### Available records
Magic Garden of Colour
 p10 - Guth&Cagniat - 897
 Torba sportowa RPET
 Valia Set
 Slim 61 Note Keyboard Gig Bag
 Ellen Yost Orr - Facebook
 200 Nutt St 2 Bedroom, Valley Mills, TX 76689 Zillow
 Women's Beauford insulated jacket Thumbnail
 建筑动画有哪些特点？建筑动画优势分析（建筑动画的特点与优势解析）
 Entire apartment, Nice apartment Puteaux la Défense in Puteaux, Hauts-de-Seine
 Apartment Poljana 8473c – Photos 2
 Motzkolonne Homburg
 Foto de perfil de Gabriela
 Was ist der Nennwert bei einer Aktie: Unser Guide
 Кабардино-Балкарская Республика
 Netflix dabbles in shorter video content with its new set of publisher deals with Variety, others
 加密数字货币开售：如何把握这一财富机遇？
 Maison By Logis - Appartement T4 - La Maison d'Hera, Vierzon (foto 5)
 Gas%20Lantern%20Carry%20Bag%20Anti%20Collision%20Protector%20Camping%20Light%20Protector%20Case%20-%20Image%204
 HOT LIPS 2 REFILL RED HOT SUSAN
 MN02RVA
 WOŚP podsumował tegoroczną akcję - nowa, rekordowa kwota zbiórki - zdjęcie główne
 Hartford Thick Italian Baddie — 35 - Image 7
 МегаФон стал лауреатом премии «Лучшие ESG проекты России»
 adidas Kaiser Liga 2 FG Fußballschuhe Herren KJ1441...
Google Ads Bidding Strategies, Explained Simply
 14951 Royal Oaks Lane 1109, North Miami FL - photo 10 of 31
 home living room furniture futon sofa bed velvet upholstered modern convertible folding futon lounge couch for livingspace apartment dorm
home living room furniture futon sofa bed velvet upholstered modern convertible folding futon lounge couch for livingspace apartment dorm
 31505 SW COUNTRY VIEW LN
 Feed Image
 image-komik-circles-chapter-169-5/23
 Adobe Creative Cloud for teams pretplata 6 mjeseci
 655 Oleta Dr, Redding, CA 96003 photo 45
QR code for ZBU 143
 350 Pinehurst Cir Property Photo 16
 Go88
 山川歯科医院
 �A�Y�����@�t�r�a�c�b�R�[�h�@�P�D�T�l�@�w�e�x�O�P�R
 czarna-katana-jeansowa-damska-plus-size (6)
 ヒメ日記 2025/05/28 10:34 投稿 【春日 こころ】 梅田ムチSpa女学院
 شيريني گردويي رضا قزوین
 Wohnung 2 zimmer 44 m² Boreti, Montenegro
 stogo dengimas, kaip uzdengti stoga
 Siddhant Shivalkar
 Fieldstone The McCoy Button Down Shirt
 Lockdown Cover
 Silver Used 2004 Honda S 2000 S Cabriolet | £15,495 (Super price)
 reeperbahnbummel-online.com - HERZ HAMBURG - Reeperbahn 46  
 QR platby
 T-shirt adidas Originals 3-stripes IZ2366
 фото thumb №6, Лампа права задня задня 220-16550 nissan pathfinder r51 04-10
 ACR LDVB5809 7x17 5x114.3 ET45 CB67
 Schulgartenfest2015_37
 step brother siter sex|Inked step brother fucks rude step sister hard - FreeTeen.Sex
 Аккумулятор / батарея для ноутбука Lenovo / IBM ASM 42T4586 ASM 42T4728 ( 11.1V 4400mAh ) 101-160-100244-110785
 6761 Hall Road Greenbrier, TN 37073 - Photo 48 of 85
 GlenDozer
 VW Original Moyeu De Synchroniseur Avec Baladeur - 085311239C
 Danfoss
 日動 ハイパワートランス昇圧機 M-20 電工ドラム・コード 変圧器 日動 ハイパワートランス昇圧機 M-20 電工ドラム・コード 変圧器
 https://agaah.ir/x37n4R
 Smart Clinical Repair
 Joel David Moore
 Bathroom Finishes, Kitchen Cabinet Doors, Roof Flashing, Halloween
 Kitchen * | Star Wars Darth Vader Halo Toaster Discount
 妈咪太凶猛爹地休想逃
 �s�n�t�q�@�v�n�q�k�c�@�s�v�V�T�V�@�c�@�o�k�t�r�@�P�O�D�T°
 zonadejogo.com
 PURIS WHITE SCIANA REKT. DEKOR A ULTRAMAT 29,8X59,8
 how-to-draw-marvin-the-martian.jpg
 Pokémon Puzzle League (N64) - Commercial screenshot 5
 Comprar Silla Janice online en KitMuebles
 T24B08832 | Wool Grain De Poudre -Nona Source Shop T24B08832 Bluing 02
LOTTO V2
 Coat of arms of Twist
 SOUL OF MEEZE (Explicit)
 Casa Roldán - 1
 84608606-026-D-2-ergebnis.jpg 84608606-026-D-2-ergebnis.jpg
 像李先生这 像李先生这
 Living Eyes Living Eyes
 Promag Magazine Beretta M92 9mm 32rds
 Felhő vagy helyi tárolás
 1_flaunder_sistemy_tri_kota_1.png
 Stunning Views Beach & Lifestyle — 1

### What is being asked
An exact copy of the lines above, from the one containing "QR code for ZBU 143" down to the one containing "Schulgartenfest2015_37" and including both, is the whole answer; retype it and nothing else.

### Exercise output
QR code for ZBU 143
 350 Pinehurst Cir Property Photo 16
 Go88
 山川歯科医院
 �A�Y�����@�t�r�a�c�b�R�[�h�@�P�D�T�l�@�w�e�x�O�P�R
 czarna-katana-jeansowa-damska-plus-size (6)
 ヒメ日記 2025/05/28 10:34 投稿 【春日 こころ】 梅田ムチSpa女学院
 شيريني گردويي رضا قزوین
 Wohnung 2 zimmer 44 m² Boreti, Montenegro
 stogo dengimas, kaip uzdengti stoga
 Siddhant Shivalkar
 Fieldstone The McCoy Button Down Shirt
 Lockdown Cover
 Silver Used 2004 Honda S 2000 S Cabriolet | £15,495 (Super price)
 reeperbahnbummel-online.com - HERZ HAMBURG - Reeperbahn 46  
 QR platby
 T-shirt adidas Originals 3-stripes IZ2366
 фото thumb №6, Лампа права задня задня 220-16550 nissan pathfinder r51 04-10
 ACR LDVB5809 7x17 5x114.3 ET45 CB67
 Schulgartenfest2015_37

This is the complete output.